Materials provided Block Start
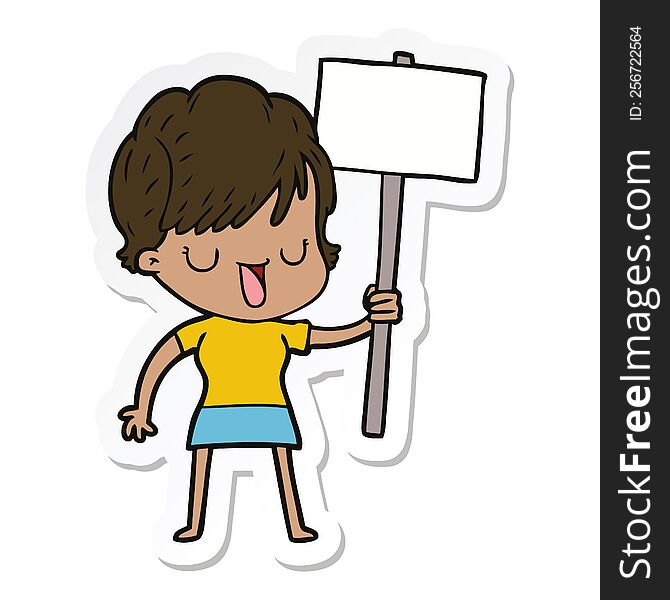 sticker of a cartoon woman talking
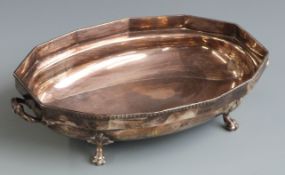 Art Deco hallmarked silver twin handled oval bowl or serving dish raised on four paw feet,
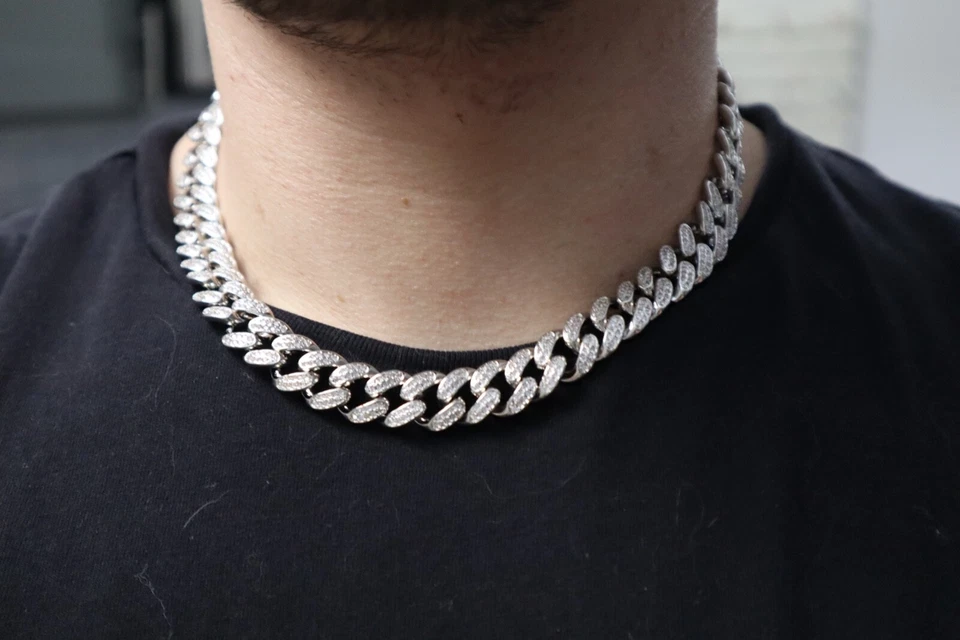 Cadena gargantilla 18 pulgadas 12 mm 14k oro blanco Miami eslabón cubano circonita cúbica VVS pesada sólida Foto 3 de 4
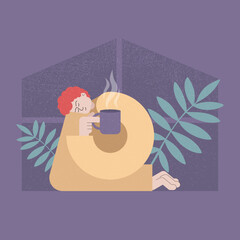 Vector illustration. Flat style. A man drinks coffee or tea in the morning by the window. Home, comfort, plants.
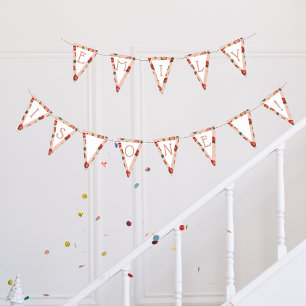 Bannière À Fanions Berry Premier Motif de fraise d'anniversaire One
Materials provided Block End
■ Aim of the exercise
Output the material verbatim, skipping the images.

■ Solution to this task
 sticker of a cartoon woman talking
 Art Deco hallmarked silver twin handled oval bowl or serving dish raised on four paw feet,
 Cadena gargantilla 18 pulgadas 12 mm 14k oro blanco Miami eslabón cubano circonita cúbica VVS pesada sólida Foto 3 de 4
 Vector illustration. Flat style. A man drinks coffee or tea in the morning by the window. Home, comfort, plants.
 Bannière À Fanions Berry Premier Motif de fraise d'anniversaire One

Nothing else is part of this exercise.